Apr. 7—If you are a New York resident and are 16 or older, you can now be vaccinated against COVID-19.

This is a huge step in working toward reaching herd immunity and finally defeating this pandemic that has taken the lives of at least 184 local residents so far, and disrupted the lives of everyone else.

This has been a slow process.

When the vaccines were first approved, those who could receive them were limited because the vaccines were limited. That made sense. Those at the highest risk of spreading the disease, such as front-line workers, or most at risk of dying, such as nursing home residents and the very elderly, were made priorities.

As more vaccine was produced, eligibility and vaccination sites increased as well.

There is also promising news on the horizon. The Pfizer vaccine, which is the only vaccine approved in the United States for 16- and 17-year-olds, in studies has been shown to be safe and effective for children as young as 12. It may gain approval in younger teens by summer.

We were very happy when the state-run site in Oneonta opened last month. Residents no longer had to drive an hour or jump on the computer to schedule an appointment for the scarce vaccinations being offered locally, which were often booked within minutes.

It's still not simple to get vaccinated. There are not a plethora of available slots at local vaccination sites. The state-run site at SUNY Oneonta only had about a half-dozen appointments available through the end of the month as of noon Tuesday. Most pharmacies that carry the vaccine still have wait lists, but it is not quite the "Hunger Games" mentality it once was.

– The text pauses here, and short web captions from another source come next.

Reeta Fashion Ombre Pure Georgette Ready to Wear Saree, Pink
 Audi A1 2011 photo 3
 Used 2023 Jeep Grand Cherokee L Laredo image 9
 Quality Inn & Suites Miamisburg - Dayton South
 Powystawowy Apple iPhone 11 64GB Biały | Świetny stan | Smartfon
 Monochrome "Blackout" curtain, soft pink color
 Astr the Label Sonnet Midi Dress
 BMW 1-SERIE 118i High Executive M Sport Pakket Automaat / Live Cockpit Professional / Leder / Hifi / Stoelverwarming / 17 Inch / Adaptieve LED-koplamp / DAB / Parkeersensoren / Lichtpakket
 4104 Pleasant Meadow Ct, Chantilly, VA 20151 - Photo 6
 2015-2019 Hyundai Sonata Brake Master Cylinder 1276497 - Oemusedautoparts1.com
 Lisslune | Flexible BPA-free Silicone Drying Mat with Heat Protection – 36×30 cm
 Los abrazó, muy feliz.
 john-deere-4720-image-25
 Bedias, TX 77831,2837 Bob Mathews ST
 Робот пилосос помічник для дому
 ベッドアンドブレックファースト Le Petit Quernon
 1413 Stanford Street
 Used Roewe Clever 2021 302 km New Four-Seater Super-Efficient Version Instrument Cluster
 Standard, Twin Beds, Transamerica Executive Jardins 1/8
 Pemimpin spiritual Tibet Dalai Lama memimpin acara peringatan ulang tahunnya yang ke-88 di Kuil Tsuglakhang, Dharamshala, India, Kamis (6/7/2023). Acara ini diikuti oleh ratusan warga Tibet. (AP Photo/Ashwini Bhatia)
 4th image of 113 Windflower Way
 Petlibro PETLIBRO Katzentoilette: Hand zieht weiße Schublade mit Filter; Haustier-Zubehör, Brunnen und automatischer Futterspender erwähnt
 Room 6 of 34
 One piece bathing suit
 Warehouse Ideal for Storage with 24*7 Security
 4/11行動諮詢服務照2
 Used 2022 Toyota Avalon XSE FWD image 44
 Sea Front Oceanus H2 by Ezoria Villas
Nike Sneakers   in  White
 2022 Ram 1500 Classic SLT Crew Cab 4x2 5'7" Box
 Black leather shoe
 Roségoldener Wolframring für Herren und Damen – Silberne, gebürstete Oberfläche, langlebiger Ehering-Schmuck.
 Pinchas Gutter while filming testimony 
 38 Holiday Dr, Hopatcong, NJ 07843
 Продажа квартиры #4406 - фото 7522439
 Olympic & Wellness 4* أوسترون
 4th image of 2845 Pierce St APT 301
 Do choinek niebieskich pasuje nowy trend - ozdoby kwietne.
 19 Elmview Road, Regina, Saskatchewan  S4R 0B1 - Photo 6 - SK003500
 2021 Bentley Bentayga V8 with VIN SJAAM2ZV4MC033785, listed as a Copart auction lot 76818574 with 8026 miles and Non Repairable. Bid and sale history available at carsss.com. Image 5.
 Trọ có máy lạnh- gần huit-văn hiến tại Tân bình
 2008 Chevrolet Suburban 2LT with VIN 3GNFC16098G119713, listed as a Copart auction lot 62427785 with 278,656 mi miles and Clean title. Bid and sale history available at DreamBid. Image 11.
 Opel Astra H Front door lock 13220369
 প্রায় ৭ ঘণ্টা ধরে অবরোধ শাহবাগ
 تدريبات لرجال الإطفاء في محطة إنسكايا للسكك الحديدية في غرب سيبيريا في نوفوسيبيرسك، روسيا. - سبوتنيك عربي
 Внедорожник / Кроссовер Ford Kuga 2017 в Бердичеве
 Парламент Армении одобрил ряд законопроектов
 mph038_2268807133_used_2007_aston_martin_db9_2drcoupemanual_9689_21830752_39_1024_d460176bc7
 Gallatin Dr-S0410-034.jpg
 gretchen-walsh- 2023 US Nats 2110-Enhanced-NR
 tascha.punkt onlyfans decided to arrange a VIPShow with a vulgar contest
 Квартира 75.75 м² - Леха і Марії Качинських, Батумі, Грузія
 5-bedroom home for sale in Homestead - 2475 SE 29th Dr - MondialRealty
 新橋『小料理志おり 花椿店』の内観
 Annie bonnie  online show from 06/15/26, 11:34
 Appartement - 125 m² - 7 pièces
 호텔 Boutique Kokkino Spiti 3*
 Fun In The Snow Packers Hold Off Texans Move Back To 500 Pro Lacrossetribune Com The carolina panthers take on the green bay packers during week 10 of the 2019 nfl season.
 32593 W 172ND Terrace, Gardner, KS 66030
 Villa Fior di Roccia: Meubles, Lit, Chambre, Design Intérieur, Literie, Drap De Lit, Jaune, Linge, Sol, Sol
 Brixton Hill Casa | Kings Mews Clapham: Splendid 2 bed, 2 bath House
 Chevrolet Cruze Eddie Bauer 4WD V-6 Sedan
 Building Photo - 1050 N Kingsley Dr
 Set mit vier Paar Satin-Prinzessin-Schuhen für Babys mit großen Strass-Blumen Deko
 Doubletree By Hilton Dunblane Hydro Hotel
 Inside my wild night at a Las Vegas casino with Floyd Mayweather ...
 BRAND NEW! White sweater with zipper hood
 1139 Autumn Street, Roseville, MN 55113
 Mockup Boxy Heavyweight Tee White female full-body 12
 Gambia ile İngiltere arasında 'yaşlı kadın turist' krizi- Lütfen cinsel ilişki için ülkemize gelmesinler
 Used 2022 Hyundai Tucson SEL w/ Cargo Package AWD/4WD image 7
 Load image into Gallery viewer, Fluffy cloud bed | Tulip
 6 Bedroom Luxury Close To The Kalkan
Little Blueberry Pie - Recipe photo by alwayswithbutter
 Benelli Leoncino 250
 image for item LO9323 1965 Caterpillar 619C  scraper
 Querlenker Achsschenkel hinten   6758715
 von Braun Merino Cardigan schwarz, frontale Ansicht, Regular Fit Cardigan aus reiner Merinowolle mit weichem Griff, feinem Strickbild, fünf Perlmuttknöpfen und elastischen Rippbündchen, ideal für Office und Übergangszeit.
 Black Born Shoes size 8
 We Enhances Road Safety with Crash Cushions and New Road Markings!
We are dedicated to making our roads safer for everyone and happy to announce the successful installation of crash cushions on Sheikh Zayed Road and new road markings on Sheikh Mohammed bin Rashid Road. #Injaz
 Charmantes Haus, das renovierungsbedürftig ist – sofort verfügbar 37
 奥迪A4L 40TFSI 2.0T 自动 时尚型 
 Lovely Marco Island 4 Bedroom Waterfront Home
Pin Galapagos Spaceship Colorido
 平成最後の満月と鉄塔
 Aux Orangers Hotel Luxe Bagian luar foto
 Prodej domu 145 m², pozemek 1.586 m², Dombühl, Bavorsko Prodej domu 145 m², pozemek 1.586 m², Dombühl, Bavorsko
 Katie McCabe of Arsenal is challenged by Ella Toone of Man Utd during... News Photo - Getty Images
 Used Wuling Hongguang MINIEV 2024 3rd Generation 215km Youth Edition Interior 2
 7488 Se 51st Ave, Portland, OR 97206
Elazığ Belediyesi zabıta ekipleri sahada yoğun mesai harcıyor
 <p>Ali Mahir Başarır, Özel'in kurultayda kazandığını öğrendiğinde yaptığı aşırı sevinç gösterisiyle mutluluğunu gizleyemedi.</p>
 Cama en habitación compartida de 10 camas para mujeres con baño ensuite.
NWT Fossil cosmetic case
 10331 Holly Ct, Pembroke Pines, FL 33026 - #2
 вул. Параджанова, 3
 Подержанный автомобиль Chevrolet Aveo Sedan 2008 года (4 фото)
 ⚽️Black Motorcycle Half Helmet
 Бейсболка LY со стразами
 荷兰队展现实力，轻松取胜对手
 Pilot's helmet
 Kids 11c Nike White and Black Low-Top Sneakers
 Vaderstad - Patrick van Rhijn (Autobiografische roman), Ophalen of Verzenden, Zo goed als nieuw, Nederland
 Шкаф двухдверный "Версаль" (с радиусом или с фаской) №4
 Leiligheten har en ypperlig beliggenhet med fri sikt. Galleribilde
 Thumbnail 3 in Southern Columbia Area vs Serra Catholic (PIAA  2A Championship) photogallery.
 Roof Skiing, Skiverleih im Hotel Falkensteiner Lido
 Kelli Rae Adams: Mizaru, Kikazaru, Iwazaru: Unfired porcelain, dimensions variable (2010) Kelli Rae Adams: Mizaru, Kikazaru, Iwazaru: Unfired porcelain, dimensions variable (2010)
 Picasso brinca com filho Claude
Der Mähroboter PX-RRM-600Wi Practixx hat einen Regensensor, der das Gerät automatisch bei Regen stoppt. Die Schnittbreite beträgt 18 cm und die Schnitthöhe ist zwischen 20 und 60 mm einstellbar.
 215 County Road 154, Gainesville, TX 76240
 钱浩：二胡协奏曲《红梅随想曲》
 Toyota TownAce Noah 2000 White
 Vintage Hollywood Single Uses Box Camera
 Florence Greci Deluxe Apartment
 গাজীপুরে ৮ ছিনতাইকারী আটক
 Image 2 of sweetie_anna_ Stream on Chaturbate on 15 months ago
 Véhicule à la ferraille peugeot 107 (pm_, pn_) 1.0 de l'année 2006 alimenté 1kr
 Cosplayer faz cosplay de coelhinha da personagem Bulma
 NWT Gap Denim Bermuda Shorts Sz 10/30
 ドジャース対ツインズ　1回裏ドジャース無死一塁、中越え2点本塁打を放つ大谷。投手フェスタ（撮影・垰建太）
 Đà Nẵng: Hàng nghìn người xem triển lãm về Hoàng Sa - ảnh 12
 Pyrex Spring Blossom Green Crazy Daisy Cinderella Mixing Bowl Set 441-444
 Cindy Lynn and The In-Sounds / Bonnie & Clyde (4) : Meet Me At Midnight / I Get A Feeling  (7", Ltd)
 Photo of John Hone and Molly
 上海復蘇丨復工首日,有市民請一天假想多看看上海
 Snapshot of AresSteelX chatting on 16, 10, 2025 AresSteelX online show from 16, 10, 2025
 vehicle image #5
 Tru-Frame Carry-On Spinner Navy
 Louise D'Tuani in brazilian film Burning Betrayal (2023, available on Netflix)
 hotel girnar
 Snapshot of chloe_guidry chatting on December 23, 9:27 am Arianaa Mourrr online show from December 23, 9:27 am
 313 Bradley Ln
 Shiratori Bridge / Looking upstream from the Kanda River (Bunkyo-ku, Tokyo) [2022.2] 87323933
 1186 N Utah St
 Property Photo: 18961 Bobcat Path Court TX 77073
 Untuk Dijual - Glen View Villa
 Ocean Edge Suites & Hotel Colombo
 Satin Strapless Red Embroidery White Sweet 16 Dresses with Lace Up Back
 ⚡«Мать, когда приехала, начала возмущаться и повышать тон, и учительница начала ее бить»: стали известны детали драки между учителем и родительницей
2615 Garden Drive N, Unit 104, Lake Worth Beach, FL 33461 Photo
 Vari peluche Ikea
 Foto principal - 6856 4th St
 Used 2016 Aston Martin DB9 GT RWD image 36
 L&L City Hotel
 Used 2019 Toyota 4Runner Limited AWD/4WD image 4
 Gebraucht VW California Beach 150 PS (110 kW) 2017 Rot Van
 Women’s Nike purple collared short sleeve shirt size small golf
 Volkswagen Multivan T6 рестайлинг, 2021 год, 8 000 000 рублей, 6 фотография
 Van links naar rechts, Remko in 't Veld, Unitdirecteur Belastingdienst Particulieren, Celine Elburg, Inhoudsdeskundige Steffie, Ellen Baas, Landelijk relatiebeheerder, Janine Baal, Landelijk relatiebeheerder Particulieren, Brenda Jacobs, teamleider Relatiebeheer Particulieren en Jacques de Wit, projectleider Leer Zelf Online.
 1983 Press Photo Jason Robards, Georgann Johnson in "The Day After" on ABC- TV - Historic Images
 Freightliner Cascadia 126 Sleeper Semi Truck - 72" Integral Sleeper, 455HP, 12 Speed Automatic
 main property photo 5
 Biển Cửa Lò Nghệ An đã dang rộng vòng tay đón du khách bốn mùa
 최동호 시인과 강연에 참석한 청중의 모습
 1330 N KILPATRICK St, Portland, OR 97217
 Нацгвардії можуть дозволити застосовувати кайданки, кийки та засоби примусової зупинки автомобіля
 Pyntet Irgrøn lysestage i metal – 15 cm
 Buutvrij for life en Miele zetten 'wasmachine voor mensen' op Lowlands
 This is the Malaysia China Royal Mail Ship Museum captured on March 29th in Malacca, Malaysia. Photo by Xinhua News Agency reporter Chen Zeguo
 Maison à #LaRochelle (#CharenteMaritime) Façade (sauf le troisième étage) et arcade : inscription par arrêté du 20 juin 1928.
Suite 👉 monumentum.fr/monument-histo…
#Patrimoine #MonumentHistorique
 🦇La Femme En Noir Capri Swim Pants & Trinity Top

Of course, the largest hurdle that needs to be cleared is getting those who are eligible but are leery about getting vaccinated to roll up their sleeves.

Some are concerned about the after-effects of the vaccine.

Yes, there have been some severe reactions. Many people have complained about not feeling well for hours, if not a couple days, after the second shot.

But this isn't true for everyone. Some people don't have much more than a sore arm.

And a few days of feeling bad is much better than days, weeks or months in the hospital on a ventilator or dying from COVID, or you or spreading the disease to a loved one.

Also much too much misinformation is being spread, especially via social media.

No, there are no nano-trackers planted by Bill Gates in the vaccines.

No, the vaccine is not going to change your DNA.

No, this is not just another way for the government to control you. As of right now, it is not mandated by the government.

Vaccination works. So many diseases that were widespread in the past, for example polio, small pox, measles and mumps, have been wiped out or extremely limited because of required vaccines.

Getting vaccinated to reach herd immunity, which is having about 75% of the population inoculated against a disease to help limit its spread, is simply the neighborly thing to do.

If we can't get to herd immunity with voluntary vaccination, it may come to being mandated. We would rather not see that happen.

We'd like to think that we care enough about our neighbors, our families and ourselves to get vaccinated.

The quicker we can end this pandemic, or at least get it under control, the quicker life can get back to normal.